David Councill dcouncill at karamursel.org
Tue Mar 15 15:25:42 MDT 2016


I haven’t seen any spam as described. But since I was a former system/email administrator, perhaps I can shed a bit of light on this. Email addresses can be harvested through address books or even off the Internet. Programs can scan websites to pick up anything matching an email address format. The past several years, one of the commonest methods was/is to collect some email addresses and then email those users and ask for their account login information. It will be under the pretense of a security change or email quota exceeded or some other misleading excuse – and it works as people frequently respond with their username and password. Then with that information, the hacker can login to that email account and harvest more email addresses plus they can use that account and that account’s mail server to send out more emails asking for email account logins or to sell something or to send out malware.

 

Until I took a new job and moved a couple of years ago, I had the same email address for about 20 years. I was also very active on the Internet. So I would get a lot of spam. And spammers would often use my email address (but not my account) when sending spam so I would often get non-delivery notices as a result. So when other people brought similar problems to me under my role as the university email administrator, I would tell them to do a google search on their email address to show them how spammers can easily find and harvest their email addresses. And if you do that, you will see that this mailing list has a public exposed archive, available right on the Internet. So it is possible that your email address could have come from the autox.team.net server. Some spammers will go so far as to subscribe to email lists so they can not only send a spam message to all the subscribers but they may also have access to a list of all the subscribers, thus having a clean email list to spam to. But the easy way is just to use a program that runs scans across the web with minimal human intervention needed.

 

Spam filters may also be an issue. In reality, I believe that currently 90% of all email is spam but the figure might be a bit out of date. Most of this is easily blocked due to blacklists maintained on the Internet that track the IP addresses of sites or computers sending out large amounts of spam – you usually will only see spam from sites not yet blacklisted or spam that has been crafted to avoid blacklists and/or other spam filters.

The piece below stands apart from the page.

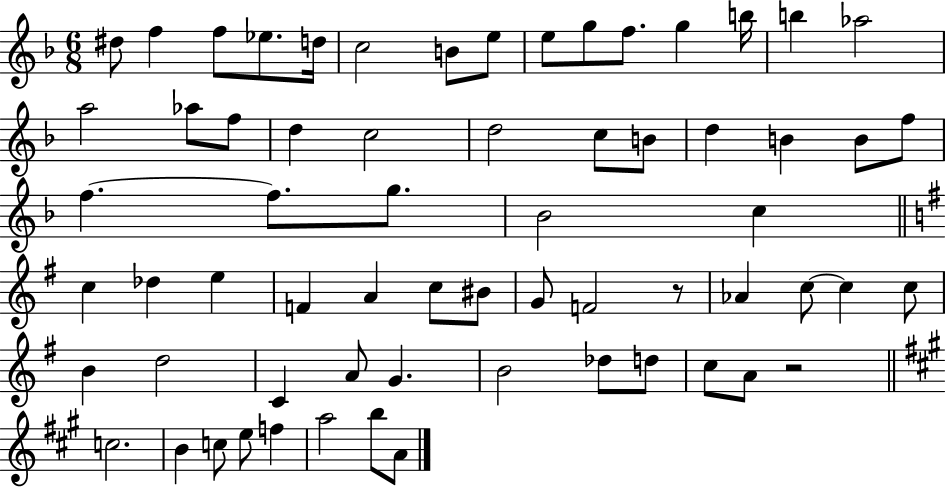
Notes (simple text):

D#5/e F5/q F5/e Eb5/e. D5/s C5/h B4/e E5/e E5/e G5/e F5/e. G5/q B5/s B5/q Ab5/h A5/h Ab5/e F5/e D5/q C5/h D5/h C5/e B4/e D5/q B4/q B4/e F5/e F5/q. F5/e. G5/e. Bb4/h C5/q C5/q Db5/q E5/q F4/q A4/q C5/e BIS4/e G4/e F4/h R/e Ab4/q C5/e C5/q C5/e B4/q D5/h C4/q A4/e G4/q. B4/h Db5/e D5/e C5/e A4/e R/h C5/h. B4/q C5/e E5/e F5/q A5/h B5/e A4/e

It may be that you need to turn on the spam filters as some email providers have this configurable to some extent. I currently run my own mail server and am not very active posting on the Internet – and my only filtering right now is using a couple email blacklists. Before I configured the filters, I was getting maybe 10 spams a day, now the spam is fairly rare – maybe a couple a week.

 

David Councill

64 MGB – and driving it today

67 MGBGT 

72 MGB

 

 

From: Mgs [mailto:mgs-bounces at autox.team.net] On Behalf Of S. Carr via Mgs
Sent: Monday, March 14, 2016 11:46 AM
To: MG List
Subject: [Mgs] recent spam

 

Has anyone else on the MG list recently been plagued by spam--much originating from overseas--about (fake) invoices attached as zip files, and other such garbage?  As I’ve been getting this stuff on the 2 email addresses I use for lists (one MGs, one Healeys) I suspect that someone on the list has had their computer hacked and their address book copied.  (Needless to say, it’s all immediately deleted without being opened.)